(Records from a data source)

>>

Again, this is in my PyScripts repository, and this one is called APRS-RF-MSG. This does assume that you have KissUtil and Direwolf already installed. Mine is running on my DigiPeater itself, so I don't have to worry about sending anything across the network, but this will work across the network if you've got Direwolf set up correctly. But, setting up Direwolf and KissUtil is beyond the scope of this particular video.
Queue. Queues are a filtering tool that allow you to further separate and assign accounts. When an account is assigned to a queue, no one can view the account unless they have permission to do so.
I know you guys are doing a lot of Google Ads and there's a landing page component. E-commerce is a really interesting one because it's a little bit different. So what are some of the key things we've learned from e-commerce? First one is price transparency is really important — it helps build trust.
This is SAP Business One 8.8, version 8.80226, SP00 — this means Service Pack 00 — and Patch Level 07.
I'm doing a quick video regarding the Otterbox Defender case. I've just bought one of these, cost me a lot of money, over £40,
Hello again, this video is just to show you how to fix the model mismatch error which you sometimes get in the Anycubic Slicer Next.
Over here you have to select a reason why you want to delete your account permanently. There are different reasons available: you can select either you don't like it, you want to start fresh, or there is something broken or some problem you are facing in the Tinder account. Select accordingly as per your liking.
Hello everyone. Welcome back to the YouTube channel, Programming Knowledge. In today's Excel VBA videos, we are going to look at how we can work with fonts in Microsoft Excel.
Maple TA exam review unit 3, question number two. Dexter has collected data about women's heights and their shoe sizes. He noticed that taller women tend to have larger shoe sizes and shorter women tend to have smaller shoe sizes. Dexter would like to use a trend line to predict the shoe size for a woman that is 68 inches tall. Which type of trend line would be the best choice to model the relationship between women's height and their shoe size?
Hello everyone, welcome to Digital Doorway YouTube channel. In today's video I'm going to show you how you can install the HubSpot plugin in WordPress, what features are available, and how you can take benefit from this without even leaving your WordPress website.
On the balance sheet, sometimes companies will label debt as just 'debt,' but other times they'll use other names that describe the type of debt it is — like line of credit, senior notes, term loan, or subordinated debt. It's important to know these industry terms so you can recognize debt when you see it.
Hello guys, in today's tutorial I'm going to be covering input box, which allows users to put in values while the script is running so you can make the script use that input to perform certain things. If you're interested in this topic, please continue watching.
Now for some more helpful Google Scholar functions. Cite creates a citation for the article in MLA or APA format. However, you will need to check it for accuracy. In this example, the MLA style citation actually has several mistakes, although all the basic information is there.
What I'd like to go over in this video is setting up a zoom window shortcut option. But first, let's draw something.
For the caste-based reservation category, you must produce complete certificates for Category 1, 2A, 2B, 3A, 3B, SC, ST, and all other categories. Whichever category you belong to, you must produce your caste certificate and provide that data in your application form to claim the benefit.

<<

WHAT THE TASK ASKS :: The expected answer is an exact copy of the lines above, beginning at the line with "Over here you" and ending at the line with "What I'd like", with both ends in.

RESPONSE AREA ::
Over here you have to select a reason why you want to delete your account permanently. There are different reasons available: you can select either you don't like it, you want to start fresh, or there is something broken or some problem you are facing in the Tinder account. Select accordingly as per your liking.
Hello everyone. Welcome back to the YouTube channel, Programming Knowledge. In today's Excel VBA videos, we are going to look at how we can work with fonts in Microsoft Excel.
Maple TA exam review unit 3, question number two. Dexter has collected data about women's heights and their shoe sizes. He noticed that taller women tend to have larger shoe sizes and shorter women tend to have smaller shoe sizes. Dexter would like to use a trend line to predict the shoe size for a woman that is 68 inches tall. Which type of trend line would be the best choice to model the relationship between women's height and their shoe size?
Hello everyone, welcome to Digital Doorway YouTube channel. In today's video I'm going to show you how you can install the HubSpot plugin in WordPress, what features are available, and how you can take benefit from this without even leaving your WordPress website.
On the balance sheet, sometimes companies will label debt as just 'debt,' but other times they'll use other names that describe the type of debt it is — like line of credit, senior notes, term loan, or subordinated debt. It's important to know these industry terms so you can recognize debt when you see it.
Hello guys, in today's tutorial I'm going to be covering input box, which allows users to put in values while the script is running so you can make the script use that input to perform certain things. If you're interested in this topic, please continue watching.
Now for some more helpful Google Scholar functions. Cite creates a citation for the article in MLA or APA format. However, you will need to check it for accuracy. In this example, the MLA style citation actually has several mistakes, although all the basic information is there.
What I'd like to go over in this video is setting up a zoom window shortcut option. But first, let's draw something.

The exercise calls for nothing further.